Much as World War Ii may have aided Roosevelt close out the Depression, it was the end of the war that created the boom.

The other big piece the past century’s deficit reduction occurred during the Clinton administration, but as Dean Baker perceptively noted in 2003:

“The Clinton boom was built on three unsustainable bubbles. One of them, the stock bubble, has already burst. The other two bubbles—the dollar bubble and the housing bubble—are still with us.”

In part, and in no small part, we are paying for Clinton’s boom today.

There are lots of moral grounds on which to oppose war, especially those as mindless and futile as those Iraq and Afghanistan. But we shouldn’t lose sight of another fact: wars are a gigantic waste of money, they damage the economy, and they undermine its growth. The failure of our leaders of both parties to give this more than passing notice is a sign of total incompetence or of total indenture to the military machine. In either case, they are wrecking the country about which they pretentiously claim such patriotism.

2 comments:

Anonymous said...

Iraq was our corrupt leaders defending the Saudis.

Afghanistan was retaliation for an attack on us.
Our mistakes were to take prisoners and not to
leave. Not invading Afghanistan would have been
a bigger mistake than invading it. After winning,
it was bonehead stupid not to leave forthwith.

Thanks to drones, we no longer take prisoners
at terrorist training sites.

Anonymous said...

Perhaps 2:43, you ought to seek out and read The Grand Chessboard: American Primacy and Its Geostrategic Imperatives, written by Zbigniew Brzezinski.
ZBig knows of what he writes, for he has been a principle architect and adviser of US international policy for nearly all of the past five decades.
Clearly, initial involvement in Afghanistan had nothing to do with to do with retaliation, rather, it had everything to do with hubristic imperial expansion.
If mistakes were made, it was acting on Zbigniew Brzezinski's council.
We offer the following excerpts:

"How America 'manages' Eurasia is critical. A power that dominates Eurasia would control two of the world's three most advanced and economically productive regions. A mere glance at the map also suggests that control over Eurasia would almost automatically entail Africa's subordination, rendering the Western Hemisphere and Oceania geopolitically peripheral to the world's central continent. About 75 per cent of the world's people live in Eurasia, and most of the world's physical wealth is there as well, both in its enterprises and underneath its soil. Eurasia accounts for about three-fourths of the world's known energy resources."

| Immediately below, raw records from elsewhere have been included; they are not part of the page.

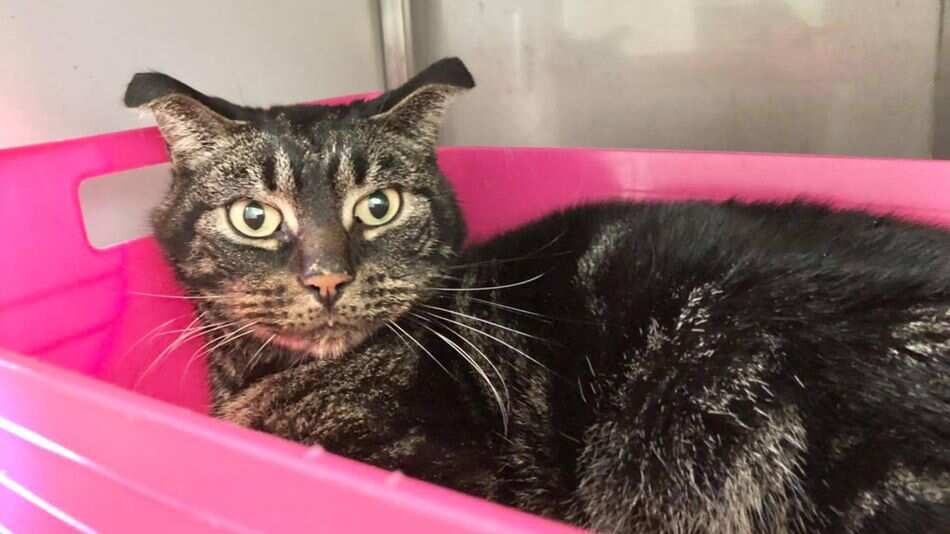 El gato en su estado actual.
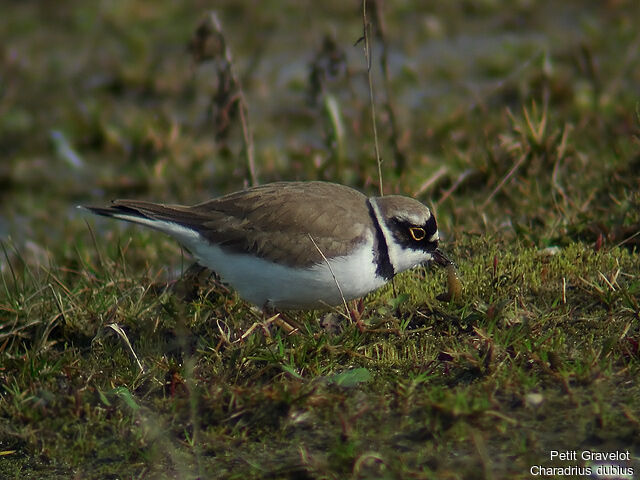 Little Ringed Plover female adult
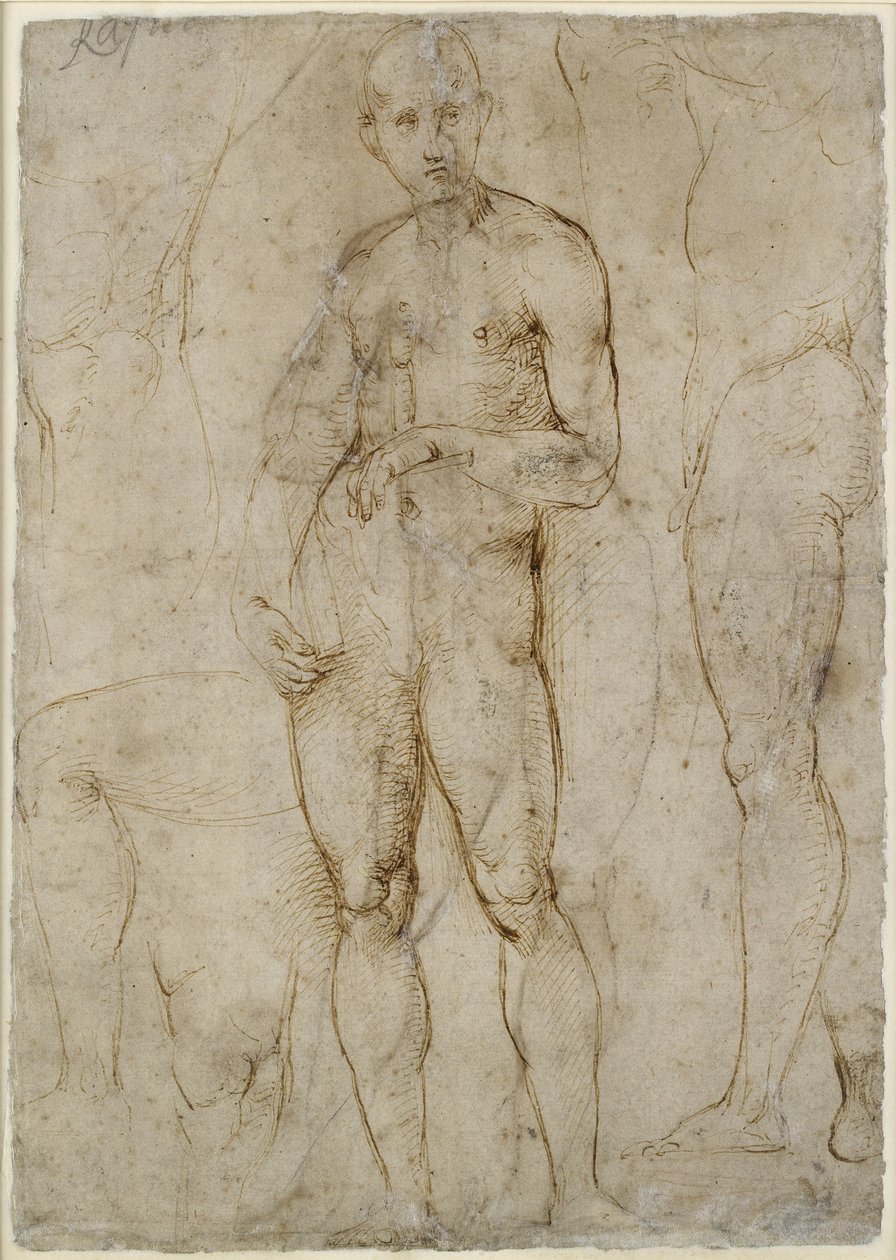 Verso: Nude Study for a St Paul, WA1846.163 alkotó: Raffaello Sanzio Raphael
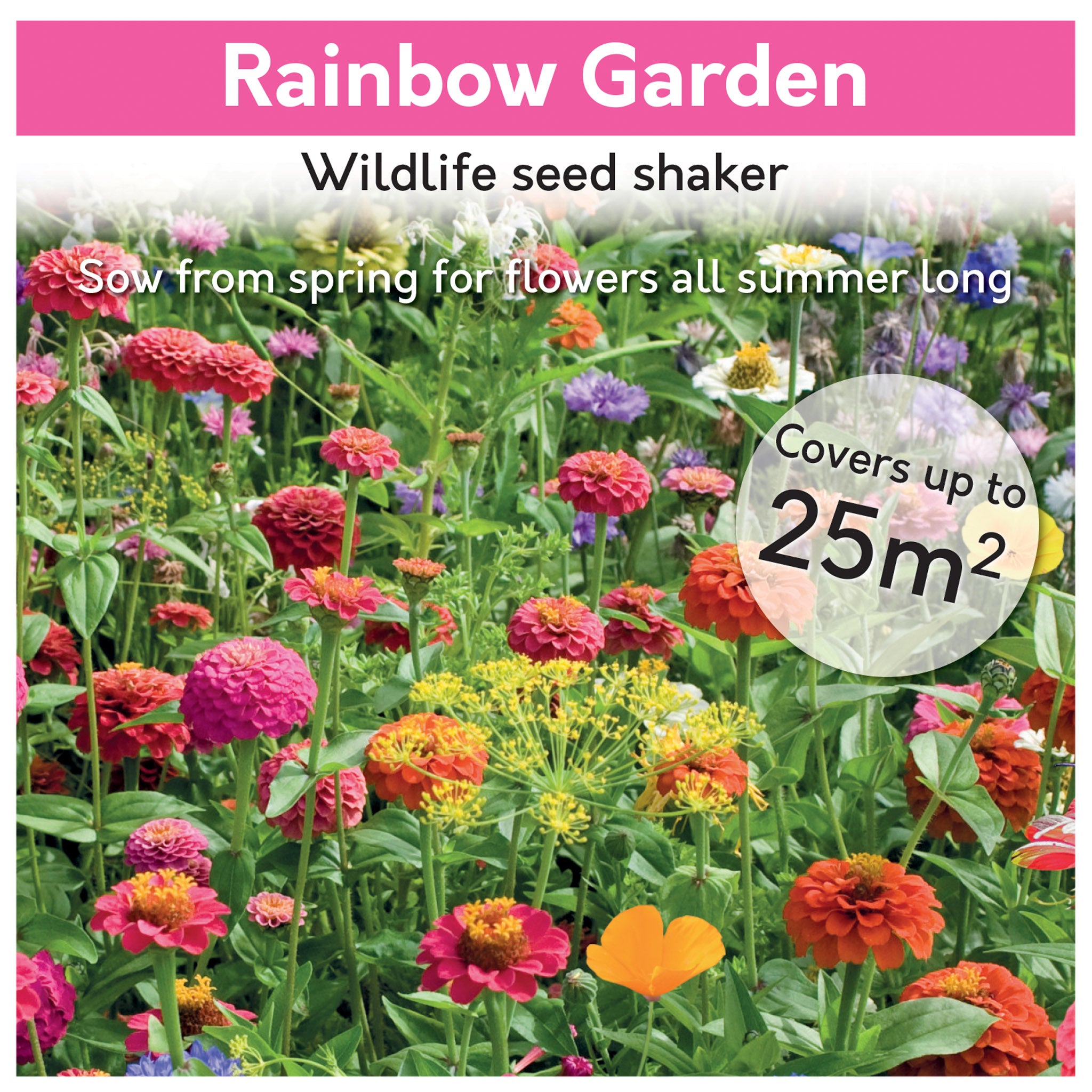 Rainbow Garden Wildflower Seed Shaker – Covers 25m² Rainbow Garden Wildflower Seed Shaker – Covers 25m²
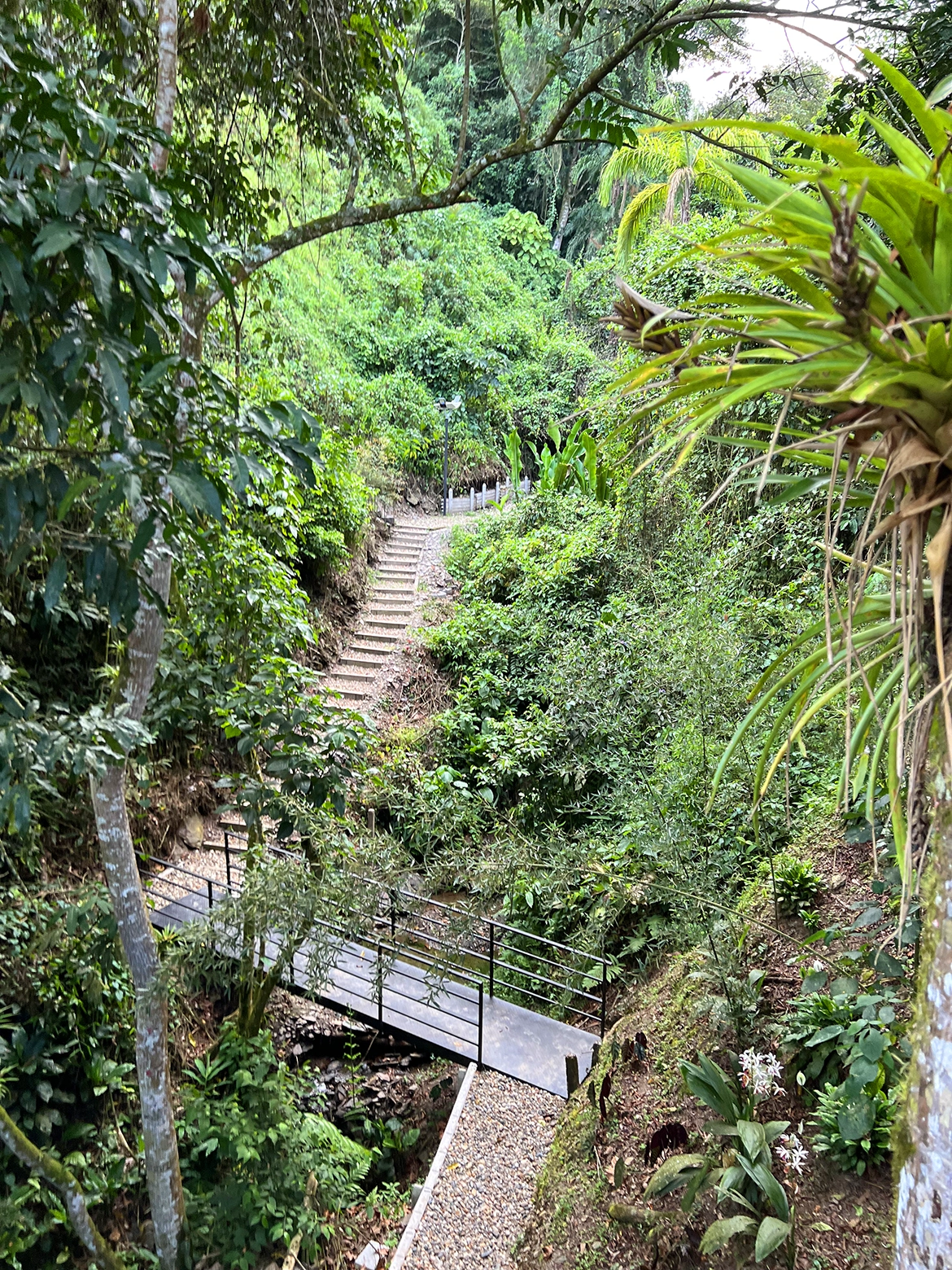 sendero_a_la_montaña_01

"Never before has a populist democracy attained international supremacy. But the pursuit of power is not a goal that commands popular passion, except in conditions of a sudden threat or challenge to the public's sense of domestic well-being. The economic self-denial (that is, defense spending) and the human sacrifice (casualties, even among professional soldiers) required in the effort are uncongenial to democratic instincts. Democracy is inimical to imperial mobilization."